Read this book. No, don't go see the movie, don't read a summary, don't read movie reviews, just go read the book. Okay, you can read my review first, but then go read the book. You can thank me later.

Alright, in all seriousness, this is an amazing book. This will probably be one of my more sparse reviews because I don't want to spoil things. It really deserves as open a mind as you can give it. Then again, I've read it three times now and each time I've gotten something different out of it. The first time was for a high school class, and I remember becoming inextricably engrossed in Ender's journey and the battle school and eagerly jumping into the next books of the series. The second time was in college, around when I was studying a bit of philosophy, wherein I paid much more attention to Valentine and Peter's story. Finally, upon reading multiple reviews (and summaries) of the movie, I decided to revisit Ender's Game for a bit of comparison, analysis, and nostalgia. And it is every bit as great as I remembered.

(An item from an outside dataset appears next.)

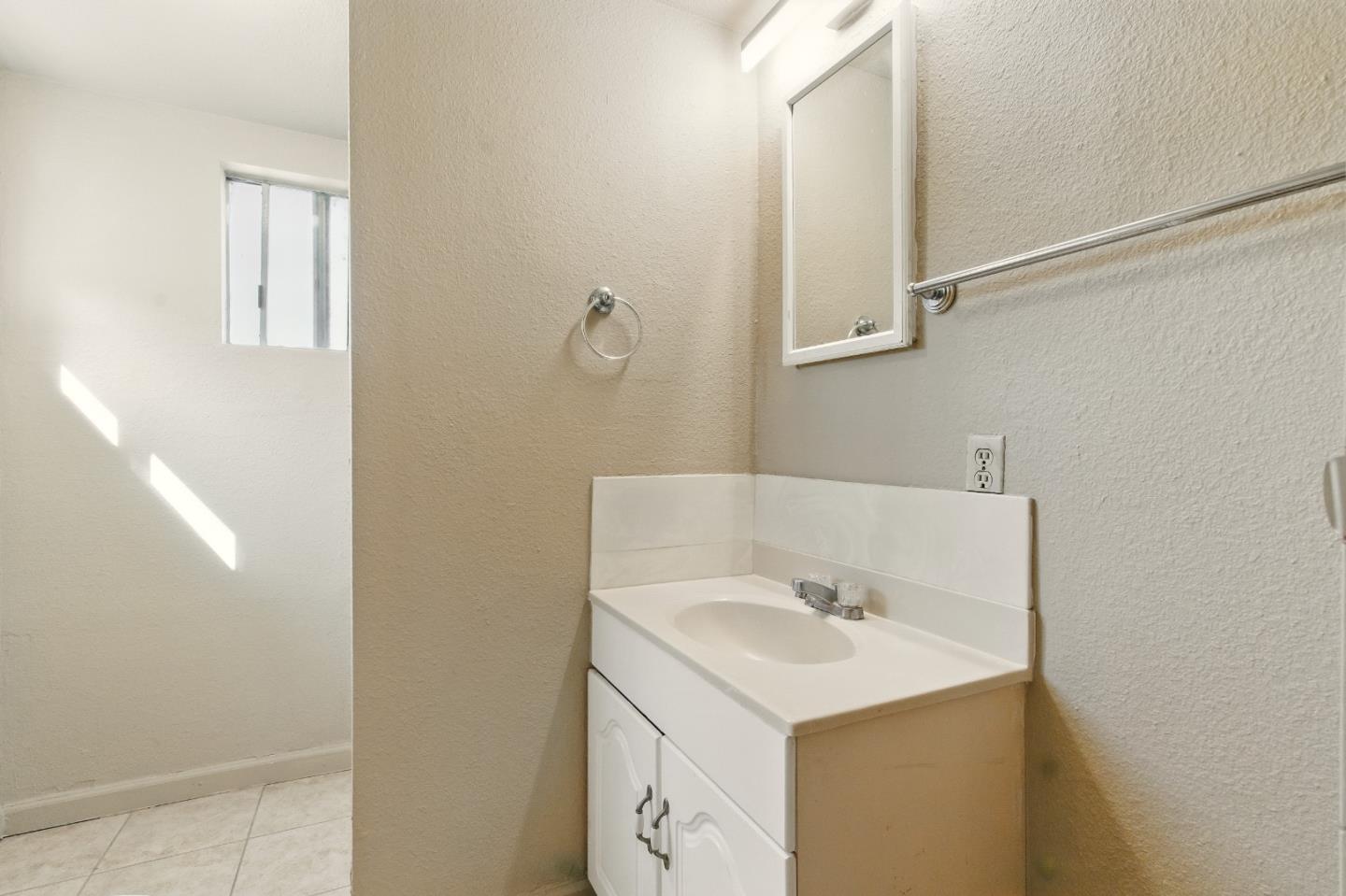 Detail Gallery Image 24 of 34 For 295 S 19th St, San Jose,  CA 95116 - 3 Beds | 1 Baths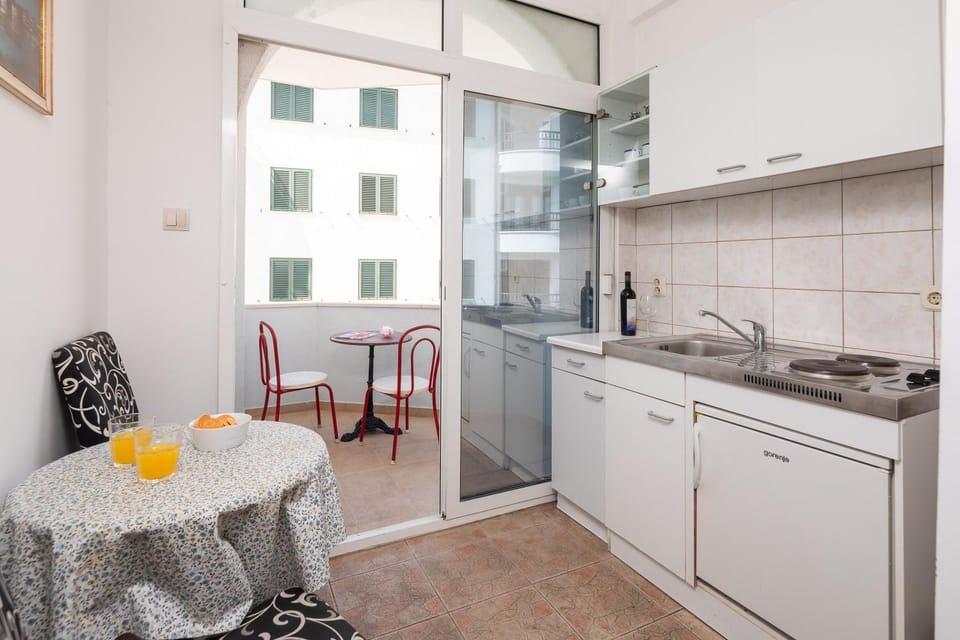 Magnolia Center Apartments 2 Apartment in Makarska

Before I go too far, here, I feel somewhat obligated to touch on the elephant in the room that is the author. Orson Scott Card has been in the spotlight lately due to his extremely vocal and financial support of anti-gay causes. I personally abhor his words on this topic and had I not already purchased his books before learning of his practices I would probably never read them. But I did read them, and I love them. That being said, I fully support those who refuse to support him or his works. If you still want to read these, perhaps read them from the library, or from a friend, and if you feel so inclined to purchase one, do so from a used retailer.